Forse era successo che, in un'occasione, entrambi donassero i loro aromi per rendere più saporito e appetitoso il gusto di un semplice pane, fragrante a suo modo, sempre rischiesto e ricercato, ma allo stesso tempo sempre uguale a se stesso e per questo stancante.
E fu in quell'occasione che entrambi notarono quanto le loro spiccate caratteristiche tendevano ad amalgamarsi, smorzando, in qualche modo, le note più alte, i sapori più forti. Si osservarono a lungo perché nessuno dei due mostrava a prima vista il cuore di sé, ma, senza volerlo, i loro aromi, le loro voci, parlavano già per loro.
La Cipolla era così, un microcosmo formato di tanti strati da scostare uno per uno, come veli sottilissimi che nascondono un cuore altero e acido se la si tratta con crudezza, ma così dolce e delicato appena la fai sciogliere al calore di un abbraccio avvolgente. Il Rosmarino la guardava e muoveva appena quelle sue foglioline verdi e appuntite come aghi, quel manto che lo rivestiva quasi fosse una corazza, consapevole che nemmeno il calore avrebbe ammorbidito il suo corpo lungo, magro e legnoso, ma nemmeno quella sua immobilità riusciva a fermare il profumo intenso che emanava il suo cuore e che sembrava urlare forte la sua passione.
Era come un segnale, per lei, quell'odore spiccato che le toccava i sensi più profondi, e non riusciva a resistere avvolta in quegli strati che di solito la proteggevano dai venti freddi dell'anima. Anche lui sembrò ritrovare un modo di essere meno rigido, più flessibile e parve, a qualcuno presente, che anche le sue piccole foglie avessero un moto dinamico, quasi gioioso.
La notte, la notte li avvolgeva e in qualche modo faceva da fondo e da coperta, e la neve, improvvisa, in fiocchi soffici e bianchissimi illuminò il loro mondo come tante piccole luci.

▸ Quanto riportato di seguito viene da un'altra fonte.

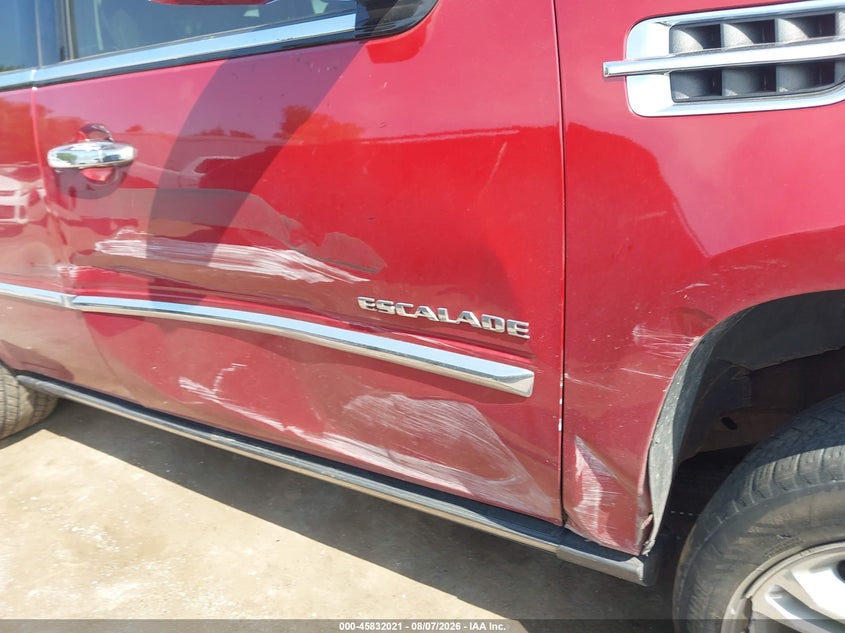 2014 CADILLAC ESCALADE auction photo 6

La notte era lunga e magica, il tempo in qualche modo sospeso, i loro occhi vedevano solo quelli dell'altro, le mani che si stringevano delicatamente quasi a voler assorbire il calore di quel contatto. Non smettevano di ballare e di godere di ogni singolo momento e movimento come a voler trascrivere nella memoria ogni dettaglio.
Ed è stato come una danza di veli scostati, di aghi donati come piccole gemme preziose in un amalgama perfetto e non più ripetibile.
E così, dopo quel ballo di mezzanotte, qualcosa scese a sciogliere l'incantesimo, un vento dapprima simile a una brezza leggera, poi via via sempre più freddo.
La Cipolla aveva bisogno di rivestirsi dei suoi veli, delle sue protezioni, il Rosmarino di richiudere i suoi aghi, per preservare il corpo e resistere immobile al vento freddo.
Lo stesso vento che, in certi giorni, porta con sè aromi dolci di cipolla e note spiccate e pungenti di rosmarino, come se si divertisse a continuare il dialogo tra le loro voci.